The Air Corps felt the need for a bomber that could attack German targets from bases within the continental US. The design brief was for a bomber with a 450mph top speed, able to cruise at 275mph, have a ceiling of 45,000 feet, have a range of 12,000 miles at 25,000 feet and carry a 10,000lb bomb load to a target 5,000 miles away and return. It should have a maximum bomb load of 72,000lb2, and should be able to take off from a 5,000-foot runway.
Given that the standard US heavy bomber at the time, the B-17 Flying Fortress, could only carry 8,000lb of bombs, and that the heaviest bombs dropped during the war were 22,000lb3, it was obvious that whatever the outcome of the design brief, it would be far in advance of anything at the time.
Boeing and Consolidated Aircraft companies were asked for designs, and Northrop Aircraft was asked to expand its flying wing proposal.

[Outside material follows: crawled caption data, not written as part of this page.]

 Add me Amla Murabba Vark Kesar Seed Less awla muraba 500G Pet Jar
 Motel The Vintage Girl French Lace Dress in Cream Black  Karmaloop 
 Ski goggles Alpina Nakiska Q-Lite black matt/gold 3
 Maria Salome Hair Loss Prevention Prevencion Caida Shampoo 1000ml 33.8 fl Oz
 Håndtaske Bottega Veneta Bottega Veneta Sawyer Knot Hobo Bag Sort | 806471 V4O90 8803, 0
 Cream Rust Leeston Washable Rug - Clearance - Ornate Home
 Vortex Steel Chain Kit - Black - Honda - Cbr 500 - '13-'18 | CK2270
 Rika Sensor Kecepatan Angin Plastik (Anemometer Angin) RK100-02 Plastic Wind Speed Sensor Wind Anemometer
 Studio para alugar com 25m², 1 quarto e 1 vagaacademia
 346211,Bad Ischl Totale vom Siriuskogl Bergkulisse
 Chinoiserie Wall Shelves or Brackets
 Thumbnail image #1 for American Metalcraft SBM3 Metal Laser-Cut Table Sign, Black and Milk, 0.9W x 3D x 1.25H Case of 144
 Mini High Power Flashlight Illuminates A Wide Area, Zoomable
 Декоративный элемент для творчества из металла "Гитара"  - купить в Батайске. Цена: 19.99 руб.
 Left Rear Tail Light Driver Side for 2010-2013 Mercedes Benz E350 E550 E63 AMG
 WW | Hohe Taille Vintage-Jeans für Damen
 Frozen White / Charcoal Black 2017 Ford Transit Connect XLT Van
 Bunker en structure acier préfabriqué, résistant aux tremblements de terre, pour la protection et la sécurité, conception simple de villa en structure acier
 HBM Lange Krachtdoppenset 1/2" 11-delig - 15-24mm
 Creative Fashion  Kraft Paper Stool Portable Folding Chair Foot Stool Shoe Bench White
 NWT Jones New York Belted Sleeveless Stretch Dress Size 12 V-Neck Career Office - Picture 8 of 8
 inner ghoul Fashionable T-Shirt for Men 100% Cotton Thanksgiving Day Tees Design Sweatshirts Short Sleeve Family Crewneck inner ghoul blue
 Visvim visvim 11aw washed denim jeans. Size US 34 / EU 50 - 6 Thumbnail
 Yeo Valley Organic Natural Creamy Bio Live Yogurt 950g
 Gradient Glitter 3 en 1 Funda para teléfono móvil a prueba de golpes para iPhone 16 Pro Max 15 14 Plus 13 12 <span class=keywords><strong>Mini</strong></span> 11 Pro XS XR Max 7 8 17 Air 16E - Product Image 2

On 19 August, 1941, a conference of high-ranking United States Army Air Force (USAAF) officers decided to lower the requirements for the plane, in order to speed up the project. Range was reduced to 10,000 miles, cruising speed was set at somewhere between 240 and 300mph, and the service ceiling was lowered to 40,000 feet.
On 3 October, 1941, the Material Division of the USAAF reviewed data from Boeing, Consolidated and Douglas, and decided that the designs submitted by Consolidated showed the most promise. Chief of the USAAF, Major General Henry H Arnold, gave the project a green light on 16 October, and a month later a contract for two XB-36 experimental aircraft was issued.
The plan was that the two XB-36s would be built in San Diego, California, and be delivered by May 1944. The design called for the plane to be pushed by six 28-cylinder engines. Not only had no plane on this scale exclusively used pusher engines, but the engines themselves only existed on paper. The plan was to connect two 14-cylinder Pratt & Whitney R-1830 Twin Wasp engines together, and to connect them to propellers 19 feet in diameter.
These engines were mounted in a seven and-a-half-feet-thick sweptback wing that had a span of 230 feet and a huge area of 4772 square feet. Inside the wing were passageways so the engines could be accessed for maintenance, and six fuel tanks allowing 21,116 US gallons of fuel to be stored. The wings were to be mounted high on the fuselage.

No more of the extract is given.